Nonini is not alone among Idaho lawmakers in his use of tobacco, even if he no longer has anyone to catch regular smoke breaks with. In Idaho’s House and Senate, there are a scattering of cigar aficionados, a few discreet chewing-tobacco users and at least one pipe smoker.
Still, far fewer legislators smoke than even the 16 percent of Idaho adults who puff cigarettes, according to the Centers for Disease Control and Prevention.
The Capitol’s dwindling population of tobacco users today stands in stark contrast to the 1970s, when smoking was so prevalent even inveterate abstainers gladly suspended House Rule 40 – the one forbidding smoking on the floor – just to keep business moving.
Otherwise, smokers would rush for the exits, grinding the gears of public policymaking to a halt, says former Democratic Rep. Russ Westerberg, who served from 1974 to 1978 and now lobbies, including for the Cigar Association of America.
By 1992, Capitol rules forbid smoking in the building’s public areas, but still allowed officials to smoke in their private offices.
But that year a fire touched off by a cigarette butt in a trash can inside Attorney General Larry EchoHawk’s offices caused $3.2 million in damage and nearly delayed the Legislature.
The American Cancer Society Cancer Action Network is planning to introduce similar legislation to last year’s failed Democrat cigarette tax hike.
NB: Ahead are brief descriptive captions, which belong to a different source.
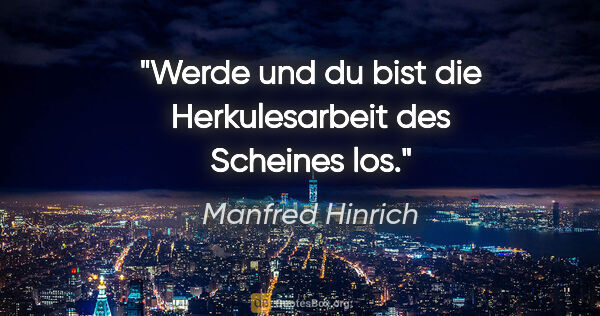 Manfred Hinrich Zitat: "Werde und du bist die Herkulesarbeit des Scheines los."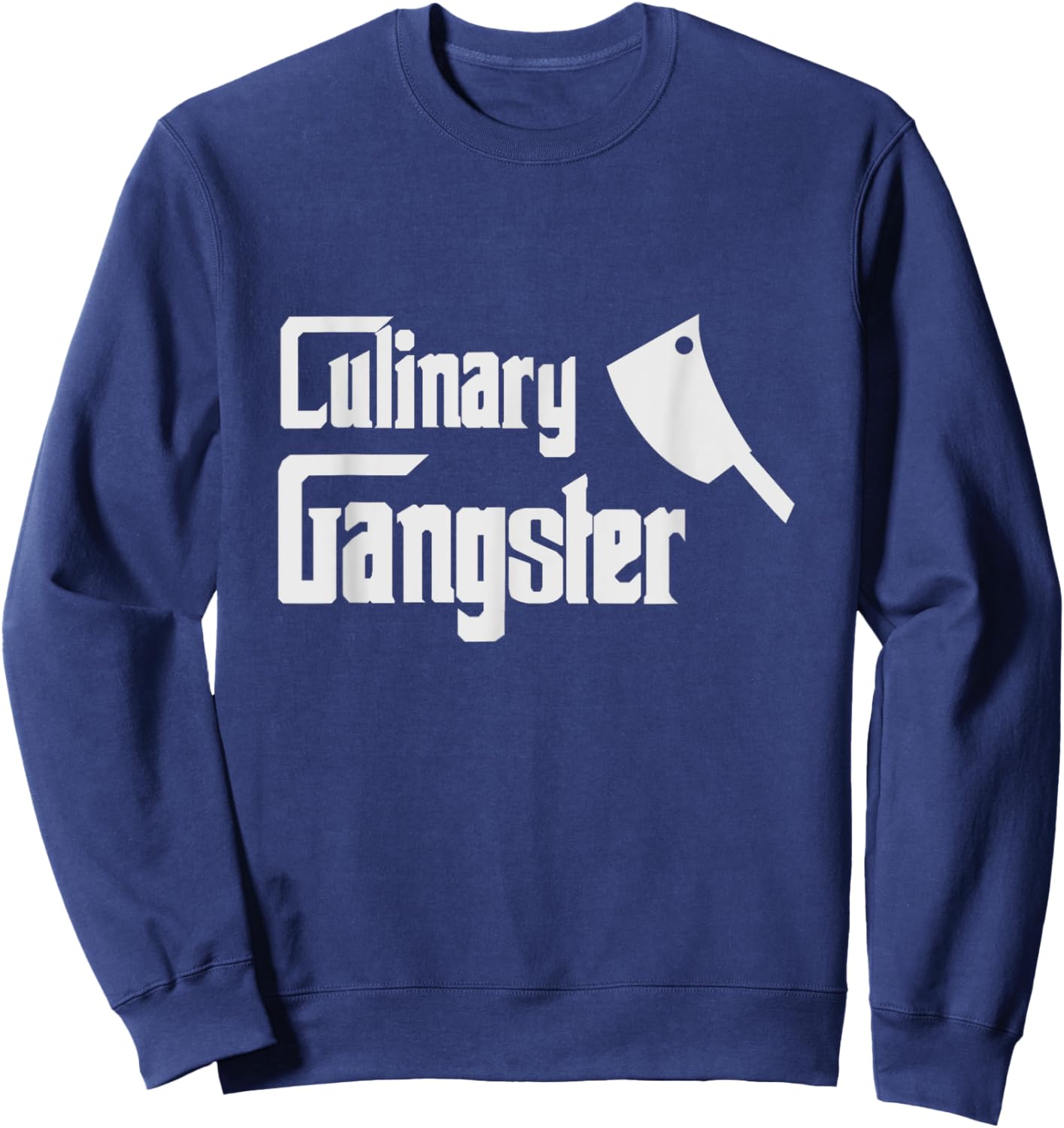Funny BBQ Cooking , Culinary Gangster Sweatshirt - Sweatshirt | Navy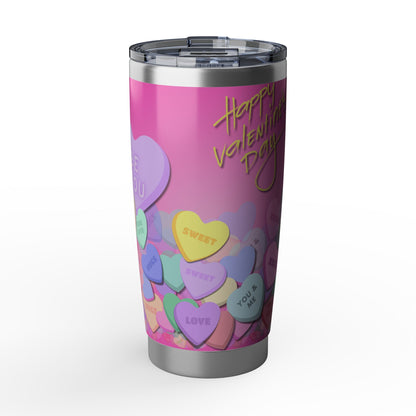 Be You | Valentine's Day Candy Hearts 20oz Tumbler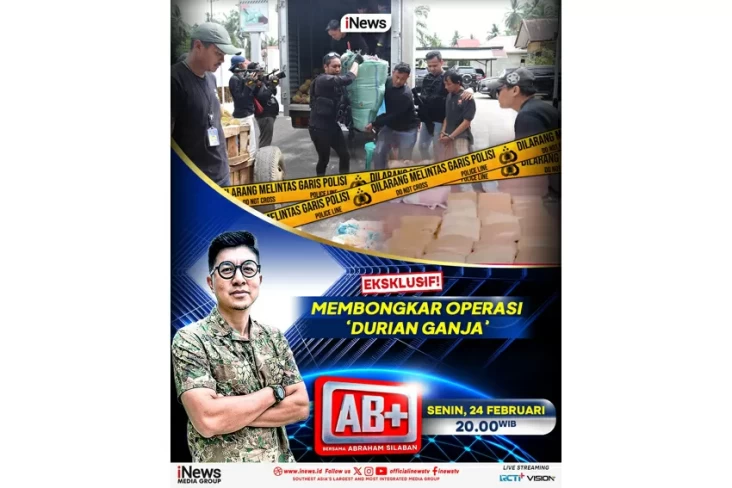 Saksikan Waktu petang Ini adalah Eksklusif, Membongkar Operasi Durian Ganja pada AB+ dengan Abraham Silaban, Hanya pada iNews
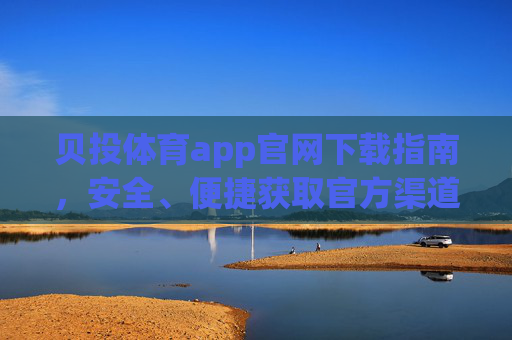 贝投体育app官网下载指南,安全、便捷获取官方渠道 贝投体育app官网下载指南,安全、便捷获取官方渠道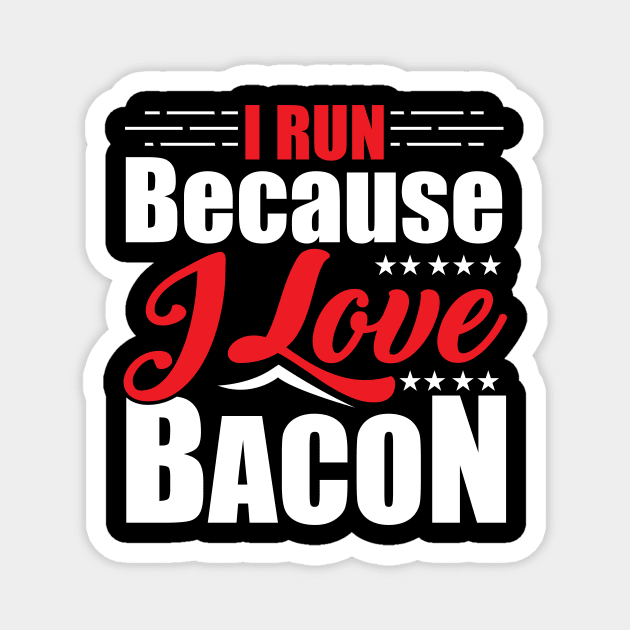 I Run Because I Love Bacon for Runners Magnet by theperfectpresents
“What is surprising to me is, they know what the burden is, they know what can be done to fix it, and it’s still a struggle,” says Heidi Low, cancer society lobbyist.
The new plan is meant to discourage kids from starting, as well as raise $50 million for tobacco cessation and cover tobacco-related health care costs usually paid for by taxpayers.
As recently as last session Nonini had a pal to puff with on the Capitol steps, but Priest Lake Rep. Eric Anderson says he quit on the assembly’s final day, cold turkey.
Now, the four-term Republican shows off his smartphone app tracking the days, hours, minutes and seconds since he quit in April – and how much money he’s saved.
Last week, it was $2,903.81 and counting. “The more I tell people about it, the more pressure there is for me not to start smoking again,” Anderson says.